## Import libraries

In [1]:
import numpy as np
import pandas as pd

## Download data from Wiki

In [2]:
url = 'https://en.wikipedia.org/wiki/List_of_postal_codes_of_Canada:_M'
table = pd.read_html(url)
type(table)

list

## Get the neighbourhood info from downloaded info

In [3]:
neigh_df = table[0].copy()
print(neigh_df.shape)
neigh_df.head()

(288, 3)


Unnamed: 0,Postcode,Borough,Neighbourhood
0,M1A,Not assigned,Not assigned
1,M2A,Not assigned,Not assigned
2,M3A,North York,Parkwoods
3,M4A,North York,Victoria Village
4,M5A,Downtown Toronto,Harbourfront


## Drop rows with a borough that is Not assigned

In [4]:
neigh_df.drop(neigh_df.loc[neigh_df["Borough"] == "Not assigned"].index, axis = 0, inplace = True)
print(neigh_df.shape)
neigh_df.head()

(211, 3)


Unnamed: 0,Postcode,Borough,Neighbourhood
2,M3A,North York,Parkwoods
3,M4A,North York,Victoria Village
4,M5A,Downtown Toronto,Harbourfront
5,M5A,Downtown Toronto,Regent Park
6,M6A,North York,Lawrence Heights


## Rename Column name to PostalCode

In [5]:
neigh_df.reset_index(drop = True, inplace = True)
neigh_df.rename(columns = {'Postcode' : 'PostalCode'}, inplace = True)
neigh_df.head()

Unnamed: 0,PostalCode,Borough,Neighbourhood
0,M3A,North York,Parkwoods
1,M4A,North York,Victoria Village
2,M5A,Downtown Toronto,Harbourfront
3,M5A,Downtown Toronto,Regent Park
4,M6A,North York,Lawrence Heights


## Merge Neighbourhood records for those with same PostalCode

In [6]:
# Define function to get a string of Neighbourhoods from the same postal code group, input is groupby object
def getNeighbors(group):
    a = ''
    for data in group['Neighbourhood']:
        if a == '':
            a = data
        else:
            a = a + ', '+ data
    return a

In [7]:
# an empty list to contain new data
neigh_data = []
# group data based on 'PostalCode'
grouping = neigh_df.groupby('PostalCode')
# check each sub group to get data to construct new dataframe
for postcode in neigh_df['PostalCode'].unique():
    sub_group = grouping.get_group(postcode)
    PostalCode = sub_group.PostalCode.values[0]
    Borough = sub_group.Borough.values[0]
    Neighbourhood = getNeighbors(sub_group)
    # append data to the data list
    neigh_data.append([PostalCode,Borough,Neighbourhood])
# create new data frame
neigh_df_new = pd.DataFrame(neigh_data,columns = ['PostalCode','Borough','Neighbourhood'])
neigh_df_new.shape

(103, 3)

In [8]:
neigh_df_new.head()

Unnamed: 0,PostalCode,Borough,Neighbourhood
0,M3A,North York,Parkwoods
1,M4A,North York,Victoria Village
2,M5A,Downtown Toronto,"Harbourfront, Regent Park"
3,M6A,North York,"Lawrence Heights, Lawrence Manor"
4,M7A,Queen's Park,Not assigned


## Clean Neighbourhood data with 'Not assigned' value

In [9]:
# See the records with 'Not assigned' value as Neighbourhood
neigh_df_new.loc[neigh_df_new['Neighbourhood']=='Not assigned']
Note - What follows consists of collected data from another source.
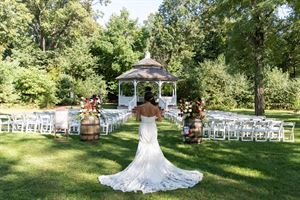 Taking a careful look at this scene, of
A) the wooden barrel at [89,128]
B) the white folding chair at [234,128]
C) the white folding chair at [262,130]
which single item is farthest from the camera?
the white folding chair at [234,128]

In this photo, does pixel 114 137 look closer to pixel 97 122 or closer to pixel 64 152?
pixel 97 122

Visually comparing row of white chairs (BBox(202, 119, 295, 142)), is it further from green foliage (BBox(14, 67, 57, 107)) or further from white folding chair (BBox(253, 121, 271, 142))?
green foliage (BBox(14, 67, 57, 107))

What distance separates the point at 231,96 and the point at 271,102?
14.1 ft

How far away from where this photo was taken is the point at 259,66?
928 inches

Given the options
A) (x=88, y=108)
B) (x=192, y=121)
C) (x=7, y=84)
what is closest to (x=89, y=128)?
(x=88, y=108)

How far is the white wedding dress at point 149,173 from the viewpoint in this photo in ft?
23.7

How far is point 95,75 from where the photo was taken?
131ft

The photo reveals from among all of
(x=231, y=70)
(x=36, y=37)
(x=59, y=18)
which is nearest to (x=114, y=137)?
(x=231, y=70)

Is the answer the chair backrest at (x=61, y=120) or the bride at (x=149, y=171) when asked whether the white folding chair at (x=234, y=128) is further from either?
the bride at (x=149, y=171)

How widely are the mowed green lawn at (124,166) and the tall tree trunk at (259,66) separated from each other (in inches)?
402

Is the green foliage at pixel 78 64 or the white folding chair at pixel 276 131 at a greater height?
the green foliage at pixel 78 64

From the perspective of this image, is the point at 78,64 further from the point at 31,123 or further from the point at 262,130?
the point at 262,130

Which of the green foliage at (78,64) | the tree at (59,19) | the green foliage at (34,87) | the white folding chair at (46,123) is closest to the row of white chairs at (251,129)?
the white folding chair at (46,123)

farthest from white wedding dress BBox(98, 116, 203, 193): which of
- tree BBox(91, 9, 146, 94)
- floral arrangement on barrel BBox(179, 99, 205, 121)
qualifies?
tree BBox(91, 9, 146, 94) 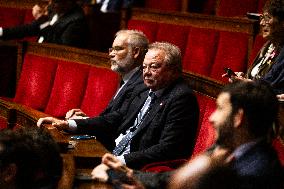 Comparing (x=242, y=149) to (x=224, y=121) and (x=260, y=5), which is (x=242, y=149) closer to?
(x=224, y=121)

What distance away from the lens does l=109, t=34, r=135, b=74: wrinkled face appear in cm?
127

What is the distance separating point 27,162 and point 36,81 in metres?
0.96

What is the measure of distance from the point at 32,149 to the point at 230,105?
8.2 inches

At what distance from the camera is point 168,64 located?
42.8 inches

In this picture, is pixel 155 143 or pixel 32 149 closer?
pixel 32 149

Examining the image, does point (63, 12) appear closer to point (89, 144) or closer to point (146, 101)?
point (146, 101)

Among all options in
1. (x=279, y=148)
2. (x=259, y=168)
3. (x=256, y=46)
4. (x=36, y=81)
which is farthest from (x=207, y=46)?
(x=259, y=168)

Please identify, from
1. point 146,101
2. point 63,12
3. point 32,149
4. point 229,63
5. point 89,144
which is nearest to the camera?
point 32,149

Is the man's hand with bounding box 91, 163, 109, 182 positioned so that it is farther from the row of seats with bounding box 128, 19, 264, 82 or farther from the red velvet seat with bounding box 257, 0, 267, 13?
the red velvet seat with bounding box 257, 0, 267, 13

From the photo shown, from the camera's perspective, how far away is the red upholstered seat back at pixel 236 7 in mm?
1683

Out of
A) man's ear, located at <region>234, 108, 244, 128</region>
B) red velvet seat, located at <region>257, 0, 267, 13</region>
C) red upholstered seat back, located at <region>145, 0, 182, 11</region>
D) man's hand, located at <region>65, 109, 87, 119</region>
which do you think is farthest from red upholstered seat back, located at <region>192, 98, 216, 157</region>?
red upholstered seat back, located at <region>145, 0, 182, 11</region>

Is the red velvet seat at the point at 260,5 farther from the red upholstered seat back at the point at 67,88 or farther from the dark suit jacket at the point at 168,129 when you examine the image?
the dark suit jacket at the point at 168,129

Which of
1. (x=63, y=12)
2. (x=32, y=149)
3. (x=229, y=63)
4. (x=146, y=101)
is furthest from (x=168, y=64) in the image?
(x=63, y=12)

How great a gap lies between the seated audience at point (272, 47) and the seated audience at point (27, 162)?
22.8 inches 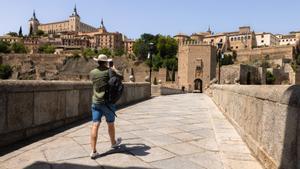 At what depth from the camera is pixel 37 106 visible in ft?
17.5

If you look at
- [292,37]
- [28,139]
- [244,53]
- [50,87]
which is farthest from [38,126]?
[292,37]

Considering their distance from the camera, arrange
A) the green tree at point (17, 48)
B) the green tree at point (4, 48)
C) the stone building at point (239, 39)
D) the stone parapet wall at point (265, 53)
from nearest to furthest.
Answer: the stone parapet wall at point (265, 53), the green tree at point (4, 48), the stone building at point (239, 39), the green tree at point (17, 48)

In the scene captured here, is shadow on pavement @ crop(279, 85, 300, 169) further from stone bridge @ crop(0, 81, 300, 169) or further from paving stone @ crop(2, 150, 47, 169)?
paving stone @ crop(2, 150, 47, 169)

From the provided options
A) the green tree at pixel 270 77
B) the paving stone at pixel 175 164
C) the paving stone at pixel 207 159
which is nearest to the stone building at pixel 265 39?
the green tree at pixel 270 77

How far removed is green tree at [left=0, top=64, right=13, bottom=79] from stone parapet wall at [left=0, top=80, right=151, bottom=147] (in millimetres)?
90071

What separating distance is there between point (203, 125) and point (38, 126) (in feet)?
12.5

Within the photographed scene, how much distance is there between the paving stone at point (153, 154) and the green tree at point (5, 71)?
93.5 meters

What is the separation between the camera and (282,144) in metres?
2.94

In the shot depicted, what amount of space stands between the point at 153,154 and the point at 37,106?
254 centimetres

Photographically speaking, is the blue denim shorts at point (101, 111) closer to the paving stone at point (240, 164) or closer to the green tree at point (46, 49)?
the paving stone at point (240, 164)

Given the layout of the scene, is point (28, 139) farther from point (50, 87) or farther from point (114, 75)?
point (114, 75)

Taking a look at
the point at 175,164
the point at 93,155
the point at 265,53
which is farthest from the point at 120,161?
the point at 265,53

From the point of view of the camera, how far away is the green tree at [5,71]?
288 ft

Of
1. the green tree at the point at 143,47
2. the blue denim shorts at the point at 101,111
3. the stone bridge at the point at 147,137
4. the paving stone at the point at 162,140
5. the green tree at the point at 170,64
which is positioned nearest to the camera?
the stone bridge at the point at 147,137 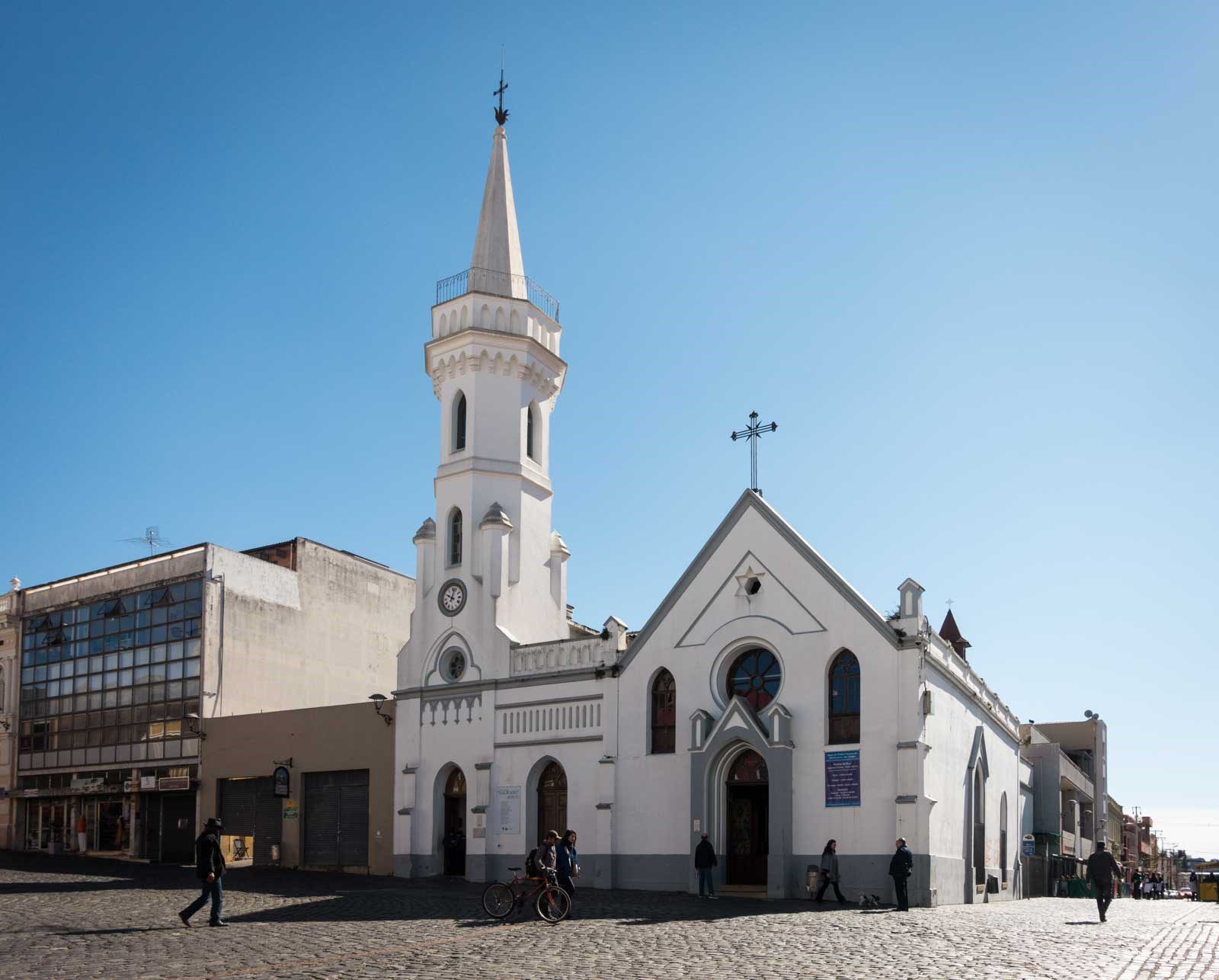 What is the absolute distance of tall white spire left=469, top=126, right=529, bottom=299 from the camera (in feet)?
123

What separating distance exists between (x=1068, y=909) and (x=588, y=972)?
62.6 feet

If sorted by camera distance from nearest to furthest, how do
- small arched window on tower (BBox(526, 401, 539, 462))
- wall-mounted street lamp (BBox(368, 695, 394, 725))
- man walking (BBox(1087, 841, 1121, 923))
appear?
man walking (BBox(1087, 841, 1121, 923)) → wall-mounted street lamp (BBox(368, 695, 394, 725)) → small arched window on tower (BBox(526, 401, 539, 462))

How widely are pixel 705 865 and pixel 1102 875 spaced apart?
8243mm

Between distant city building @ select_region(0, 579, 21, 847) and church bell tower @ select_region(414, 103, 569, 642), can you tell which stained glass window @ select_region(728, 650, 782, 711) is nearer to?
church bell tower @ select_region(414, 103, 569, 642)

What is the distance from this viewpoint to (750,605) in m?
29.9

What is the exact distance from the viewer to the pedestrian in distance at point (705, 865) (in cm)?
2677

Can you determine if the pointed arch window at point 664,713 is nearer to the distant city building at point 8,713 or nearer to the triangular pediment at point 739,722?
the triangular pediment at point 739,722

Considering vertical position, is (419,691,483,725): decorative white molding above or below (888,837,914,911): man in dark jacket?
above

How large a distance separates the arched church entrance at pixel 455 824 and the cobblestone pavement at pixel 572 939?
240 inches

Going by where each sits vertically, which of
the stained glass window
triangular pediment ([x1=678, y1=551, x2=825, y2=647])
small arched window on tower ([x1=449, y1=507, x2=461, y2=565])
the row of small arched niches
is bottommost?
the stained glass window

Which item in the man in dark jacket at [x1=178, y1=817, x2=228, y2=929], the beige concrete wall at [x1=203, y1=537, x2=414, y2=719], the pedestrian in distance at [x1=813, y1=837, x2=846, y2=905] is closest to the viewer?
the man in dark jacket at [x1=178, y1=817, x2=228, y2=929]

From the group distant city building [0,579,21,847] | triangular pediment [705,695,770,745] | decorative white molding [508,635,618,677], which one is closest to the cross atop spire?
decorative white molding [508,635,618,677]

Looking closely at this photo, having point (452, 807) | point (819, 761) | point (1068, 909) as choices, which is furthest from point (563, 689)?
point (1068, 909)

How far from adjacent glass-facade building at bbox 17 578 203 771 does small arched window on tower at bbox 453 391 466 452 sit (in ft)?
37.0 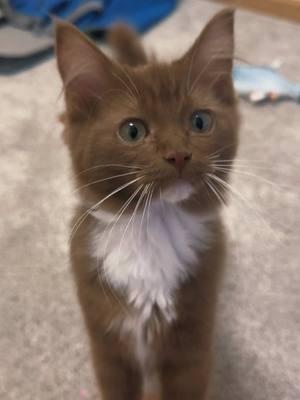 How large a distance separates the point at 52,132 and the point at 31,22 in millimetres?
740

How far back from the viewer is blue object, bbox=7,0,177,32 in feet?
7.57

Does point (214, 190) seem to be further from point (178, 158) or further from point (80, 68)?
point (80, 68)

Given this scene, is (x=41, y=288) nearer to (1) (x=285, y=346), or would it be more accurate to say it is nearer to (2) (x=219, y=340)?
(2) (x=219, y=340)

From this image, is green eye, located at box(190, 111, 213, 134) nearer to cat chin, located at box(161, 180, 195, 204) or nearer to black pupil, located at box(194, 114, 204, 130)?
black pupil, located at box(194, 114, 204, 130)

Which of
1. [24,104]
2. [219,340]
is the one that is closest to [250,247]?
[219,340]

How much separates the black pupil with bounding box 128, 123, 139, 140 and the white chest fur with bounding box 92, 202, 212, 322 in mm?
152

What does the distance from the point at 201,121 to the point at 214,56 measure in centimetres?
15

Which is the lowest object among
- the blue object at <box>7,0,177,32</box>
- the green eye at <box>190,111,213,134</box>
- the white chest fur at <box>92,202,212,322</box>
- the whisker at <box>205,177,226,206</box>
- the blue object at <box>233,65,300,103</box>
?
the white chest fur at <box>92,202,212,322</box>

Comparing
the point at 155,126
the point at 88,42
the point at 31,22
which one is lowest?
the point at 155,126

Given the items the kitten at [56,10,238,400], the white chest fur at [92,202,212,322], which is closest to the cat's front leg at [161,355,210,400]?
the kitten at [56,10,238,400]

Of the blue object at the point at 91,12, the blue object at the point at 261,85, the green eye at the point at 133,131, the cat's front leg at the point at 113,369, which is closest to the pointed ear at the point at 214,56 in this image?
the green eye at the point at 133,131

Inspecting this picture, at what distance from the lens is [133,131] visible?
0.87m

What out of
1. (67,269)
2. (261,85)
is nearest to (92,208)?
(67,269)

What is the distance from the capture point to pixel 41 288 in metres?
1.40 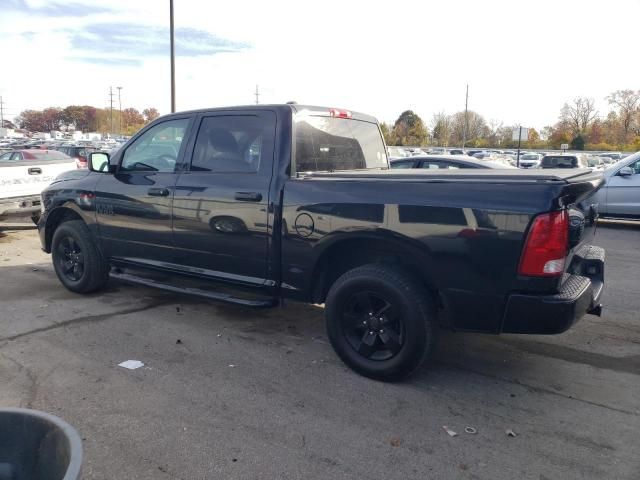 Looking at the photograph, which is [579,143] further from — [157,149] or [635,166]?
[157,149]

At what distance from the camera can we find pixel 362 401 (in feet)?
12.0

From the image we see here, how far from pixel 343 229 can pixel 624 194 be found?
9965 millimetres

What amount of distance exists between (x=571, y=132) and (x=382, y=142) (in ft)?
246

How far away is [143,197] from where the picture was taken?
522 cm

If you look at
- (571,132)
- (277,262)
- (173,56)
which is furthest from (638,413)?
(571,132)

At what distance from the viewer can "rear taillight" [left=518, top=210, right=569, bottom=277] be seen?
127 inches

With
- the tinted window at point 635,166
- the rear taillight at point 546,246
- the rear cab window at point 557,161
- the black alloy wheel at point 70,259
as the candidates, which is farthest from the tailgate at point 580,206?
the rear cab window at point 557,161

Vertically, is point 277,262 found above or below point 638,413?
above

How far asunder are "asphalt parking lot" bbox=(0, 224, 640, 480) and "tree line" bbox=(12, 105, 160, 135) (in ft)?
392

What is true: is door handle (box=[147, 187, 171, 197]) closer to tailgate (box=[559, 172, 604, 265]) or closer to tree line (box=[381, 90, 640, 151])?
tailgate (box=[559, 172, 604, 265])

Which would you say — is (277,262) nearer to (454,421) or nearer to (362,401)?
(362,401)

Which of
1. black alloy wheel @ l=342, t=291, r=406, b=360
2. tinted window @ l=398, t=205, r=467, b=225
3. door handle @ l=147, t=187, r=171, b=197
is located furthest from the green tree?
tinted window @ l=398, t=205, r=467, b=225

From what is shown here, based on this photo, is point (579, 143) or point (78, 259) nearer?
point (78, 259)

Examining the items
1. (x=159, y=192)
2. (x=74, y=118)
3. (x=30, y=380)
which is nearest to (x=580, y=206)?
(x=159, y=192)
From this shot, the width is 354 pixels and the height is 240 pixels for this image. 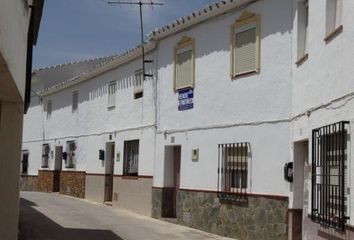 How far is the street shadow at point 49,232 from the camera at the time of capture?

Unnamed: 0,PostalCode,Borough,Neighbourhood
4,M7A,Queen's Park,Not assigned


In [10]:
# Update the 'Not assigned' value to be the same as Borough value
for x, y in neigh_df_new.iterrows():
    if neigh_df_new.at[x,'Neighbourhood'] == 'Not assigned':
        neigh_df_new.at[x,'Neighbourhood'] = neigh_df_new.at[x,'Borough']

In [11]:
# Check the records after fix
neigh_df_new.loc[neigh_df_new['Neighbourhood']=='Not assigned']

Unnamed: 0,PostalCode,Borough,Neighbourhood


In [12]:
neigh_df_new.head()

Unnamed: 0,PostalCode,Borough,Neighbourhood
0,M3A,North York,Parkwoods
1,M4A,North York,Victoria Village
2,M5A,Downtown Toronto,"Harbourfront, Regent Park"
3,M6A,North York,"Lawrence Heights, Lawrence Manor"
4,M7A,Queen's Park,Queen's Park


## Number of rows of my dataframe

In [15]:
print(neigh_df_new.shape)
print("Number of rows: ",neigh_df_new.shape[0])

(103, 3)
Number of rows:  103